July 23, 2020

GENRE | Dave Franco Stays the Weekend – 'The Rental'

"I know how to keep a secret."
Jeremy Allen White Dave Franco | The Rental
IFC Films / Black Bear Pictures
Actor Dave Franco makes his debut behind the camera as co-writer and director of the standard but effective vacation horror drama The Rental. Competently directed, the film uses single-location slasher genre conventions to express its relationship themes of paranoia and infidelity.

Starring Dan Stevens, Franco's real-life wife Alison Brie, Sheila Vand, and Jeremy Allen White as a pair of couples vacationing in an Airbnb rental house for the weekend somewhere on the ominous shores of the Oregon coast, their stay quickly turns sinister when they suspect their creepy host (Toby Huss) of spying on them (very Hitchcockian). Aside from a couple very obviously dumb (if expected) decisions in the moment, our characters make more or less logical choices in order to move the drama forward.

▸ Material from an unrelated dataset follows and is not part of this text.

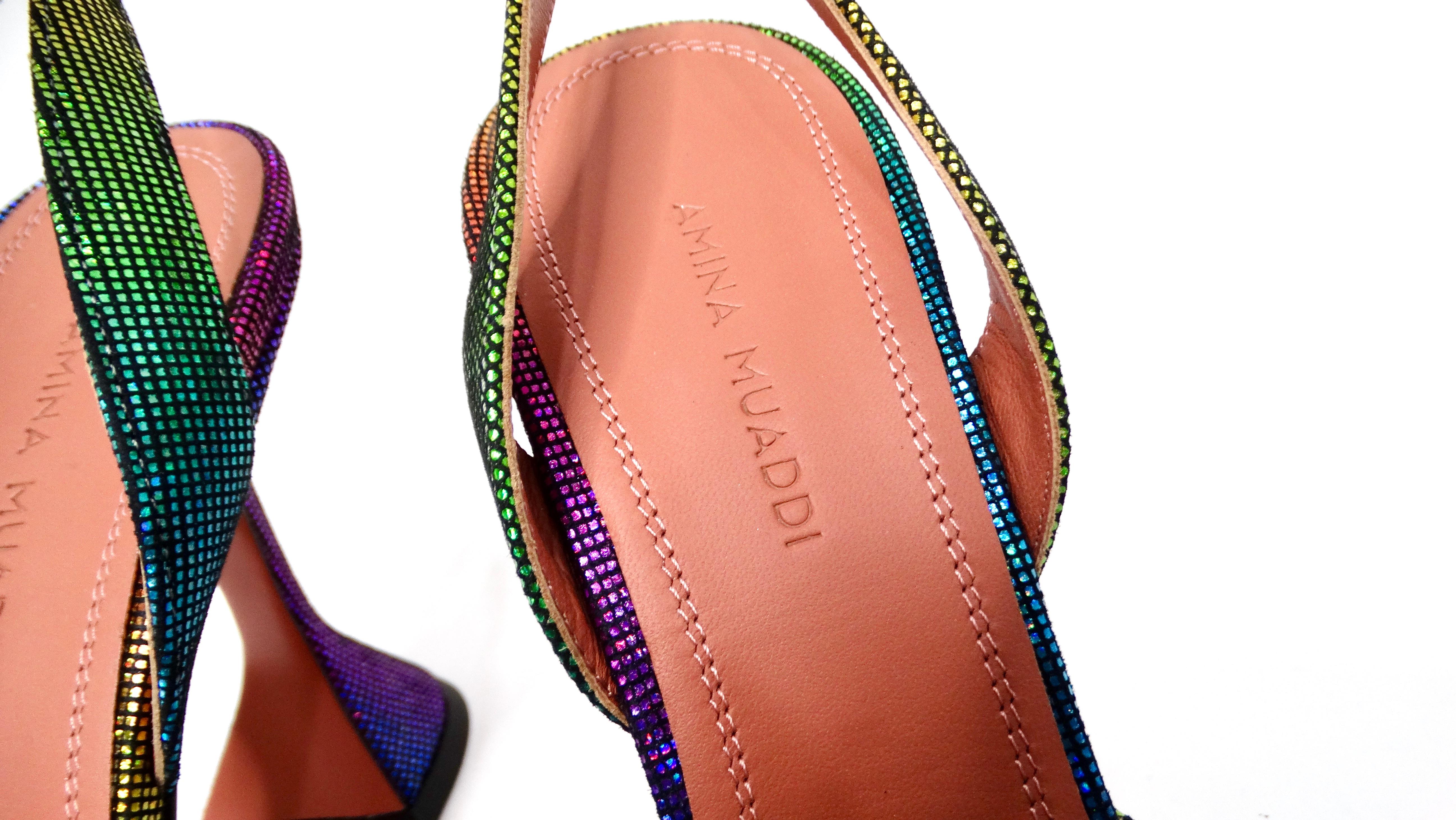 Amina Muaddi Begum - Escarpins à bride arrière en daim métallisé Ombre Rainbow Ombre en vente 2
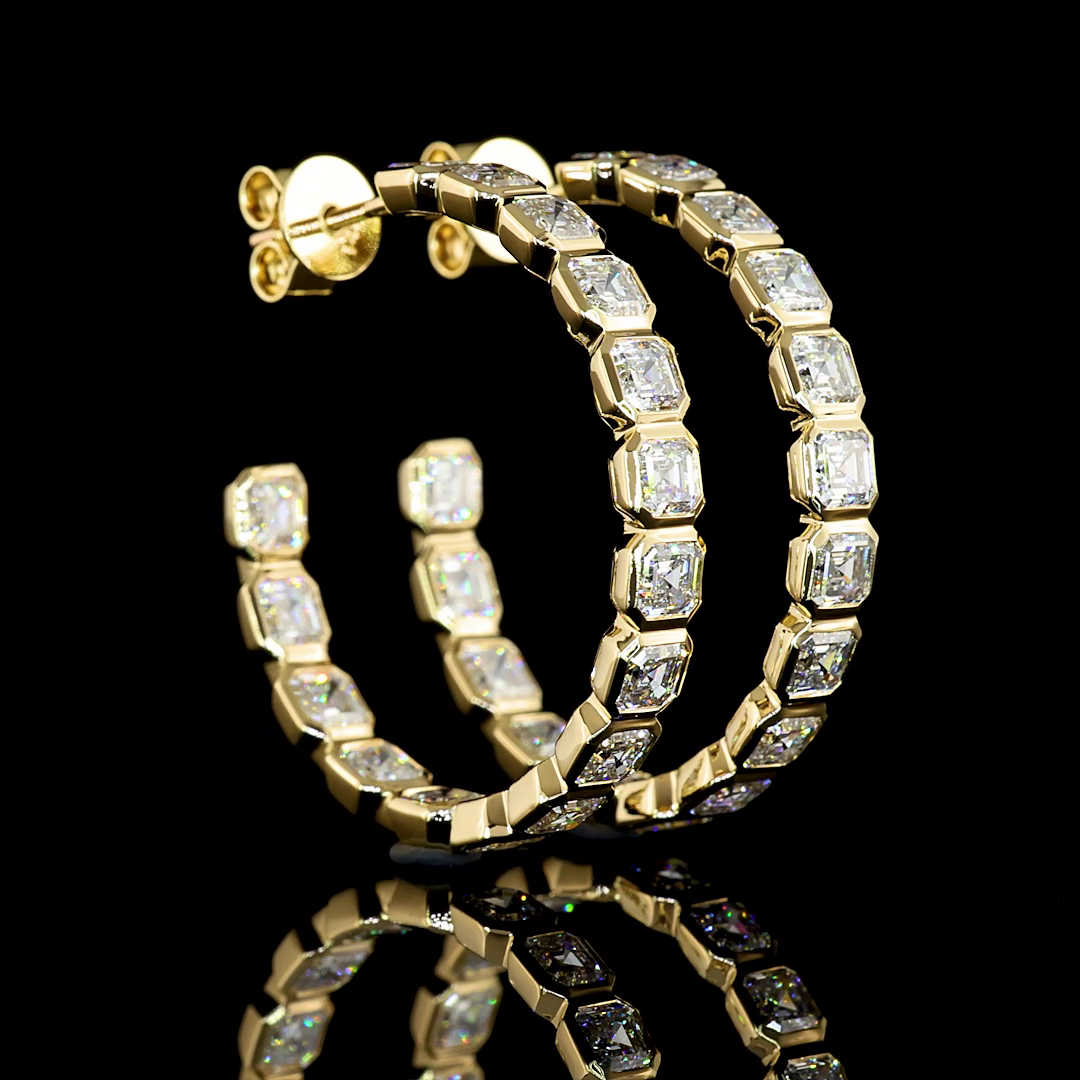 4-1/2ctw Bezel Asscher C Hoop Earrings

From the pacing and camera movements to the character archetypes, everything is deliberately played out with a cold efficiency. Franco clearly took the time to think and flesh out every turn of his first film. However, it lacks a certain ambition to it by never going beyond the slightest of turns or trying to sublimate our expectations. Interactions and setups unfold with a familiar precision as the characters' troubles escalate at a steady rate.

Co-written by prolific mumblecore filmmaker Joe Swanberg alongside Franco, The Rental reads like a safe first directorial effort. Franco's sleek direction, if nothing else, proves his solid chops as an economical manager of actors and production. More drama than horror, the film lacks pretension and has more to say about relationships than anything else through its execution of character tension leading to suspense. It wisely resists the urge to show off.

The Rental is available to stream on various digital platforms and through video on demand.